Hurricane Irene, the monster storm that made landfall Saturday morning in Cape Lookout, N.C., and continues to snake its way up the eastern seaboard, is likely to impose billions of dollars in damages.

Some are speculating a financial catastrophe depending on how close Irene gets to New York City on Sunday and its strength by that point.

Columnist and statistician Nate Silver wrote: History suggests that the economic damage could run into the tens of billions of dollars – perhaps as much as $35-billion -- depending on the severity of the storm and how close it comes to the city. Unlikely but theoretically plausible scenarios could have the damage entering the realm of the costliest natural disasters of all time, and perhaps being large enough to have a materially negative effect on the nation’s gross domestic product.”

Roger Pielke, a University of Colorado professor and fellow of the Cooperative Institute for Research in Environmental Sciences, warned reporters that Irene is “probably going to be very damaging.”

Using the Great New England Hurricane of 1938, which killed hundreds across New England and Long Island and destroyed thousands of properties, as a guide, Pielke calculated that should such a storm were to occur now, it would cause $46-billion in damages.

This is partly due to the fact that the population is much higher now and many more expensive properties have been built along the coast.

Chris Hackett, director of personal lines policy at the Property Casualty Insurers Association of America, indicated that two-thirds of the New York's insured property value is comprised by coastal properties.

Ryan Sweet, an economist at Moody’s, pointed out to Associated Press that that the large metropolitan areas of the Northeast which lay in or near the storm’s path -- New York City, Philadelphia, Boston, Baltimore and Washington --represent 16 percent of national GDP and 14 percent of total employment.

If damage is severe and disrupts production for several days, there will be a noticeable impact on the national economy for August, he warned.

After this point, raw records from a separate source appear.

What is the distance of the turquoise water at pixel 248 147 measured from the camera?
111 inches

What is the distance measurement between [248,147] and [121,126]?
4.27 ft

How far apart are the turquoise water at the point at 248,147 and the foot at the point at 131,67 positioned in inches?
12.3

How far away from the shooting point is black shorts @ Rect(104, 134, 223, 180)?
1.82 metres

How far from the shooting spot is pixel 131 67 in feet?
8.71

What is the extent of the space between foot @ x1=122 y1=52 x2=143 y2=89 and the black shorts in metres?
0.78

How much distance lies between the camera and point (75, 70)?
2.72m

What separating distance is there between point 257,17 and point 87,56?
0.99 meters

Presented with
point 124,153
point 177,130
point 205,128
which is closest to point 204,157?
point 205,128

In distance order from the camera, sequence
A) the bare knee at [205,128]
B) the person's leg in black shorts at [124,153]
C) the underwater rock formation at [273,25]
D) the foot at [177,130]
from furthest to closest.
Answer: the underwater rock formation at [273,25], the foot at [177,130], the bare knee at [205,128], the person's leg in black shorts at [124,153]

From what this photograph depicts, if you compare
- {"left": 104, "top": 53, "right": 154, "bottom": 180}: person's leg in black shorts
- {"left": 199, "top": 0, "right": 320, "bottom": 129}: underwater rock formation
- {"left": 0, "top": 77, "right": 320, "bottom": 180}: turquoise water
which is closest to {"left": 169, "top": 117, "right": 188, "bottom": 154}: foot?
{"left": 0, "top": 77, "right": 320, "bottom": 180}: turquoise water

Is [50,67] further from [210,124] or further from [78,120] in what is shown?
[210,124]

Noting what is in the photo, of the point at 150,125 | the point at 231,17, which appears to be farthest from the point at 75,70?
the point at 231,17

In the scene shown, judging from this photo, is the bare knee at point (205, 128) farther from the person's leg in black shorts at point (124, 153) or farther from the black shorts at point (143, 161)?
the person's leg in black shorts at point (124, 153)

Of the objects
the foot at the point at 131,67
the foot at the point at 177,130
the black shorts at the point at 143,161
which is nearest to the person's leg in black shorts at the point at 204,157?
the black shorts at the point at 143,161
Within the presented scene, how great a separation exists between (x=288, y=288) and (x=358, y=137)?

Meanwhile, the global equity research group at UBS estimates that stock markets had already priced in a “$10 billion” event, with Travelers Companies and Allstate Corp. expected to incur the most substantial losses.

.“On average, the performance of the [stock] index around hurricane landfall dates is worse after major events like Hurricane Katrina,” UBS stated. “However, after major events the market eventually discounts improved catastrophe reinsurance pricing and the stock perform in line with or better than the market.”

Katrina, which hit the Gulf of Mexico in August 2005, rang up insured losses totaling $71.3 billion. Hurricane Andrew in 1992 produced insured losses of $24.6 billion.

Beyond insurance companies, the travel and tourism industries will also likely suffer heavy losses due to cancelled flights and abandoned hotels and restaurants.

Michael Trevino, a spokesman for United Airlines-Continental Airlines told the New York Times that 2,300 flights would be cancelled, while JetBlue has grounded 1,252 flights in the New York area.

New York City and New Jersey have already shut-down all forms of public transportation, while Atlantic City has shuttered its casinos.

Fears of power outages (which have already occurred in parts of North Carolina and Virginia) in New York and New Jersey would undoubtedly exacerbate financial losses.